Ok, he’s got me there. No electronic resource is likely to be doing my legwork any time soon. And he got me 4 out of 5 books. He’s a miracle worker, that Nathan. And clearly more of a lateral thinker than I am. I publicly announce that he deserves a raise.
In an amusing side note, when I went to pick up 2 of these books from the Undergrad library, they came with a plastic bag. I expressed surprise about this to the librarian at the circ desk & his comment was, well, it’s for the rain. (It was snowing & raining earlier today… in March, in NC. It’s the end of the world as we know it.) But I noticed that none of the other books on the hold shelf came with bags. Nathan tells me it was the UL librarian’s idea, to demonstrate how committed they are to personalized service. How sweet! Of course, if they really wanted to deliver personalized service, they would have delivered the books to my office …but (to paraphrase Joe Janes) that’s another rant.
In the interest of full disclosure, and because I know this question is just eating you up, here are the 5 titles that started all this ruckus, and the reasons why I couldn’t find them:
- The Constitution of Society, Anthony Giddens. All copies are checked out. So I’ll have recall it & annoy whoever has it now.
- The Psychology of Place, David Canter. Was on a shelving cart, so had been checked in but not yet reshelved.
- The Handbook of Information Systems Research, Michael Whitman. This one was my fault: it’s in the SILS library collection & not in Davis after all. So that was my bad, for not jotting down which library the book was in. Of course, if it had a Z call number, that would have been a dead giveaway. Instead it’s a T. In fact, come to think of it, I challenge the LC classification scheme. This title has the call number T58.6, Management information systems, which I think is inaccurate, or at least not the full story. I think there should be a Theory & Methodology subdivision under T, or better still, under Z. Any why isn’t there, anyway? There’s precedent: HA29-32, Theory and method of social science statistics. HG8779-8793, Statistical theory and methodology applied to insurance, for crying out loud.

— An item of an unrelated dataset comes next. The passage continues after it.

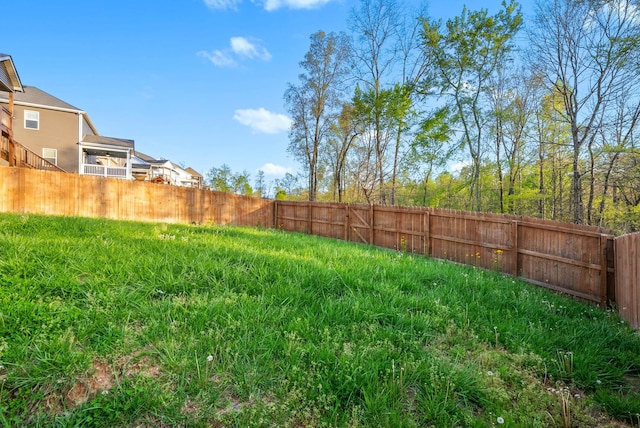 view of yard with a fenced backyard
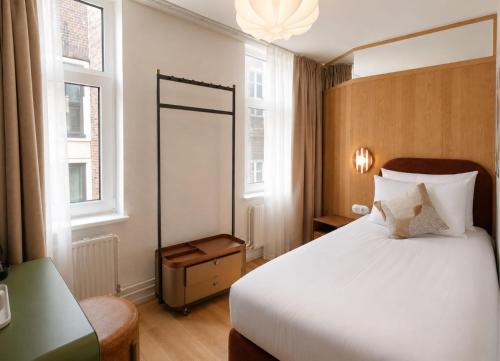 a hotel room with a bed and a mirror at De Herbert Amsterdam - Formerly France Hotel in Amsterdam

- The Plot Against America, Philip Roth. All but one copy of this title was out. The one copy that was available was in the UL Browsing collection, which is separate & on a different floor from the main collection, so I never thought to look there. On the one hand this is my fault, but on the other hand this is a fairly serious usability issue: if I, who know how to read an OPAC record, didn’t notice this, what chance that an undergrad would?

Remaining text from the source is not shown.